▸ What to work on
Everything below from the line with "Khaya Residences Type" through the line with "Papel De Presente" must be retyped exactly, except the pictures.

▸ Exercise data
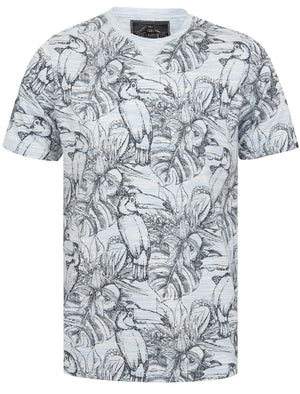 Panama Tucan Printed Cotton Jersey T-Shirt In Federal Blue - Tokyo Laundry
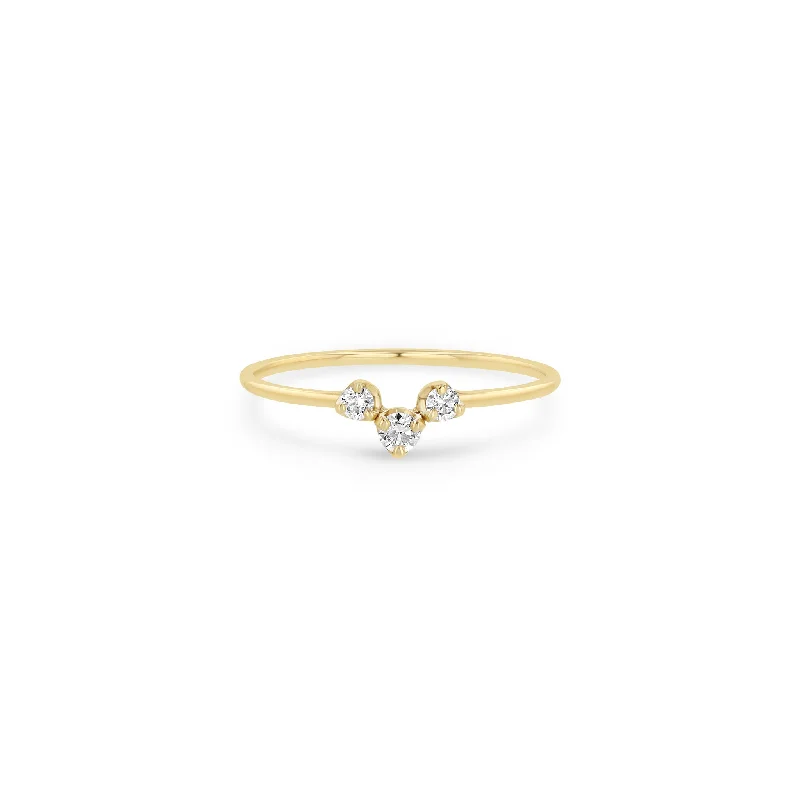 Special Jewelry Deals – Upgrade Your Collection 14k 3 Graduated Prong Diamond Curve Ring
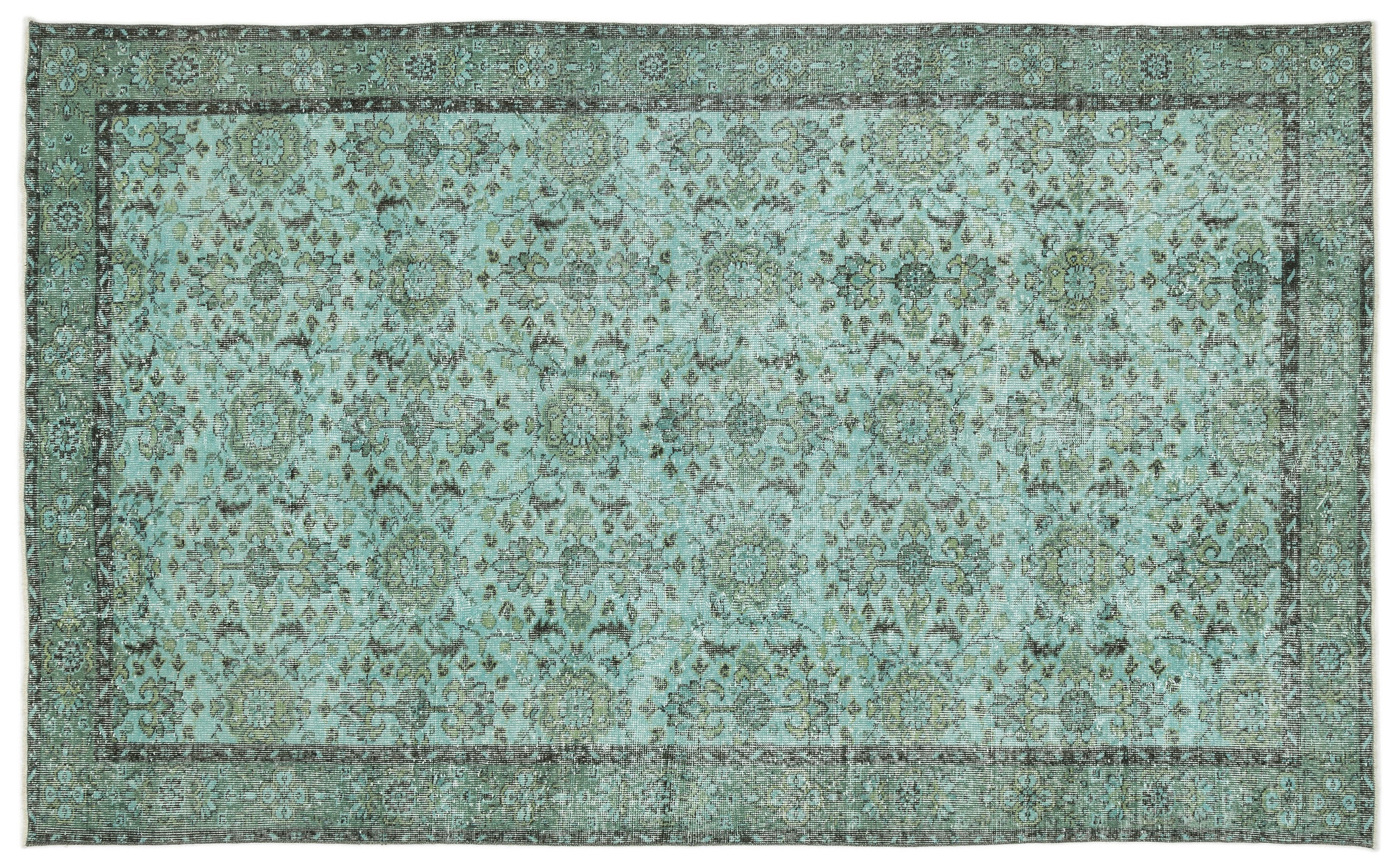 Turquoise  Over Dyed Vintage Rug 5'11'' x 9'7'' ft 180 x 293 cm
...
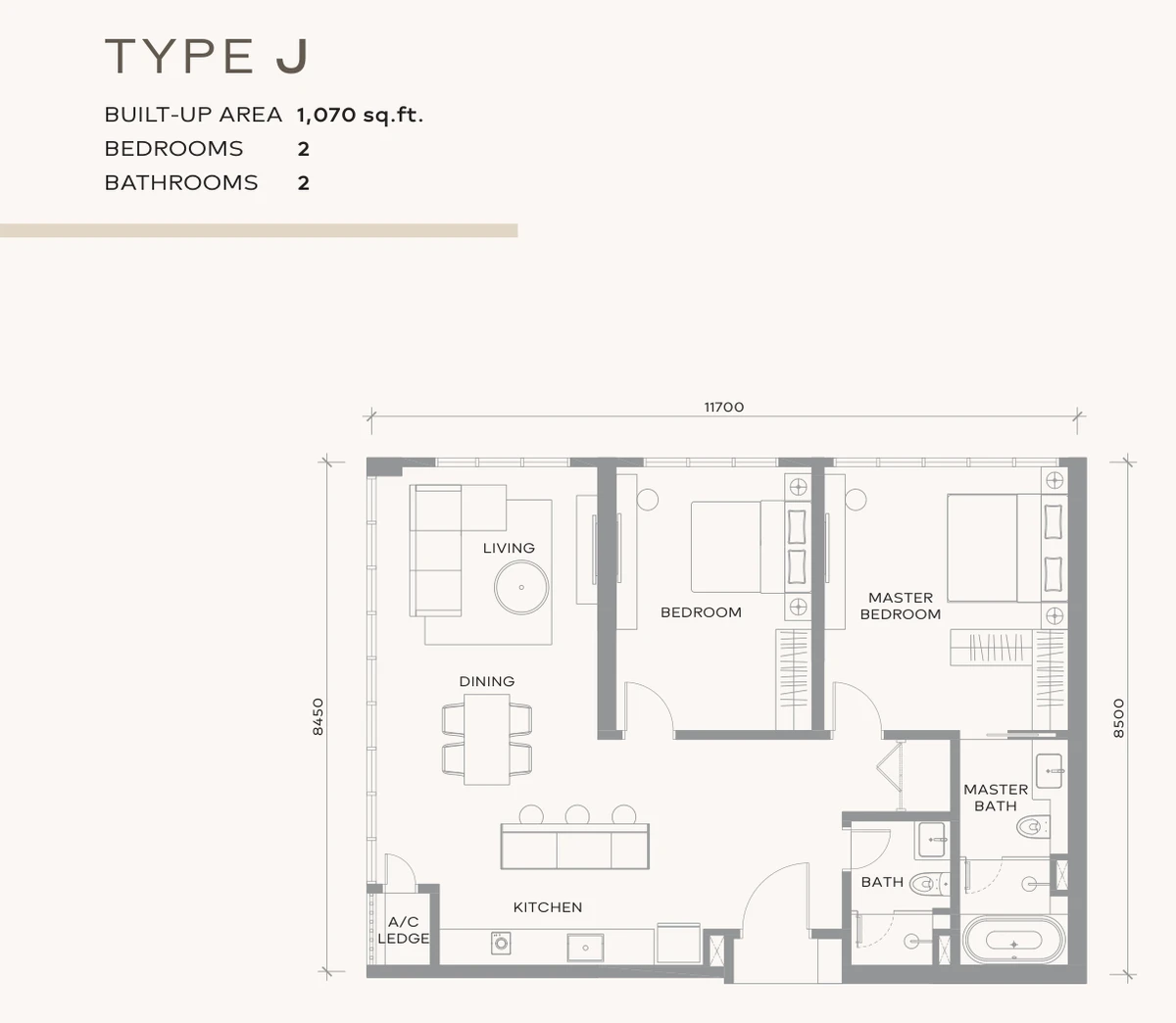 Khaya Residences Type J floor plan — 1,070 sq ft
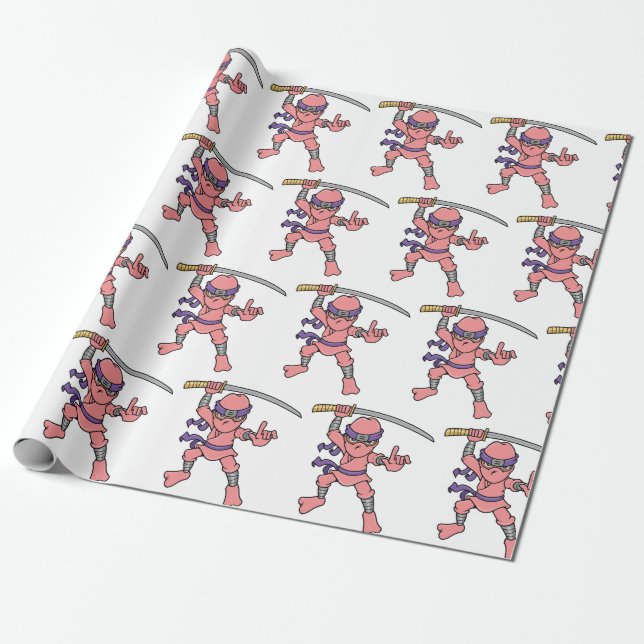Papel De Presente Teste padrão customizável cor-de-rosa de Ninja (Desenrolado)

▸ Exercise answer
 Khaya Residences Type J floor plan — 1,070 sq ft
Papel De Presente Teste padrão customizável cor-de-rosa de Ninja (Desenrolado)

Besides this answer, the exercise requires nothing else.